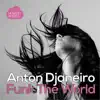 Funk the World - Single album lyrics, reviews, download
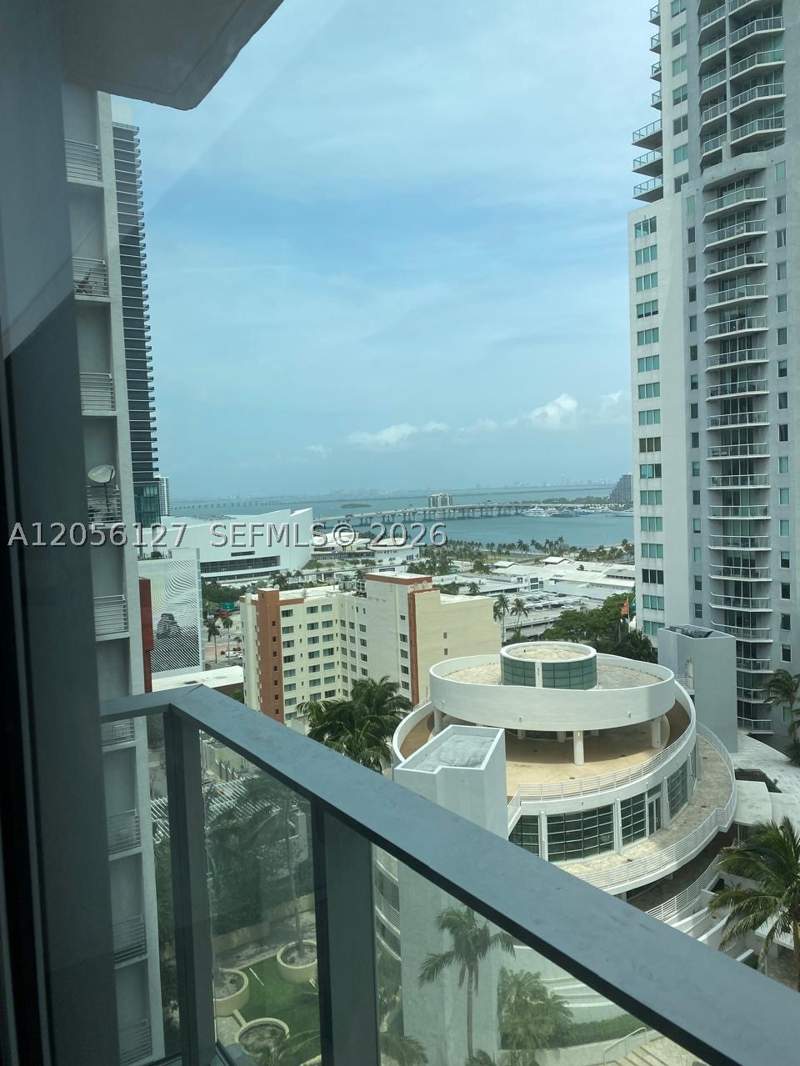 0 bedroom Condominium at 227 NE 2nd St 1910, Map Of Miami Dade Co. FL., Miami — photo 2
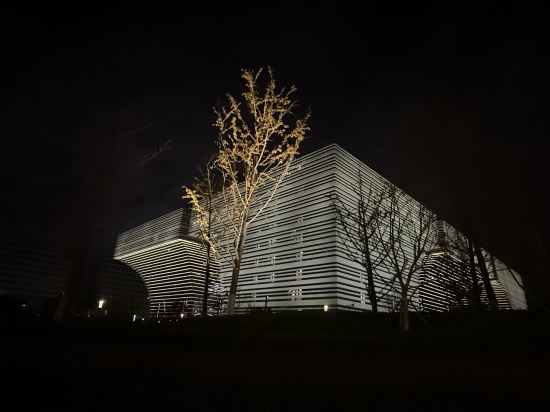 常州文璞飯店優惠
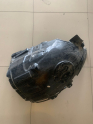 MERCEDES W177 A W118 CLA SAĞ-SOL DAVLUMBAZ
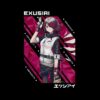 flat750x075f pad750x750f8f8f8 54 - Arknights Merch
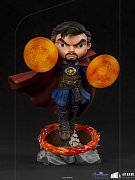 Avengers Endgame Mini Co. PVC Figur Dr. Strange 17 cm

WHAT YOU ARE ASKED TO DO | Provide the listing above once more, exactly, with the pictures removed.

TASK RESULT |
 Funk the World - Single album lyrics, reviews, download
 0 bedroom Condominium at 227 NE 2nd St 1910, Map Of Miami Dade Co. FL., Miami — photo 2
 常州文璞飯店優惠
 MERCEDES W177 A W118 CLA SAĞ-SOL DAVLUMBAZ
 flat750x075f pad750x750f8f8f8 54 - Arknights Merch
 Avengers Endgame Mini Co. PVC Figur Dr. Strange 17 cm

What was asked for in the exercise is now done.